Will the man in NJ in need of a transplant be refused the vaccination mandate?
We received a sincere email from an auditor whose husband is a candidate for a transplant here in New Jersey.
He was on a waiting list for a kidney transplant at Robert Wood Johnson and Johns Hopkins in Baltimore. They just received a letter from Johns Hopkins last week advising them that in order to get a vital kidney transplant, both the donor and the recipient must be vaccinated against COVID.
Obviously, they were devastated. They immediately contacted RWJ and inquired about their protocols regarding transplant surgeries. The response they received was that “RWJ does not currently require both parties to be vaccinated against COVID-19.” They are very concerned that Robert Wood Johnson could follow the path of several other medical centers and refuse life-saving surgery on the vaccine.

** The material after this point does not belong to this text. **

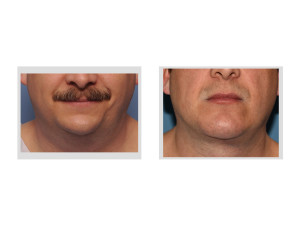 Custom Jawline Implant and Submentoplasty result front view Dr Barry Eppley Indianapolis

A Colorado woman had a match and had her donor “angel” ready to go, but the hospital turned her down because the two had not been vaccinated. This is ridiculous and it could happen to many patients here in New Jersey waiting for this life-saving procedure.
What other treatments with hospitals deny without this vaccine? How about cancer treatments. These are very frightening and desperate times for many people in need of medical care.
Hopefully RWJ doesn’t make the same ruthless, foolish decision to refuse medical attention for a vaccine that many feel they don’t need or that could cause them harm. This couple could be any of us here in New Jersey and they just want a good chance at getting them back to good health.
Tammy Pearson wanted me to share her husband Scott’s story in case you want to know more and maybe you can help.
Scott Pearson is 54 and lives with his wife Tammy in Howell, NJ. Scott was diagnosed with IgA nephropathy in 2011, a chronic kidney disease.
A routine physical exam for his CDL license caught the attention of Scott’s doctor before his diagnosis. Scott’s protein levels in his urine were high and his doctor suggested he study it.
Scott’s primary care physician suggested a local nephrologist. After some initial tests, it was recommended that he have a biopsy. This biopsy revealed the IgA.
Over the next several years, Scott managed his CRF with medication and advice from his doctor. There was some trial and error at the start. Unfortunately, one of the drugs caused a problem with Scott’s right eye. This led him to a retina specialist.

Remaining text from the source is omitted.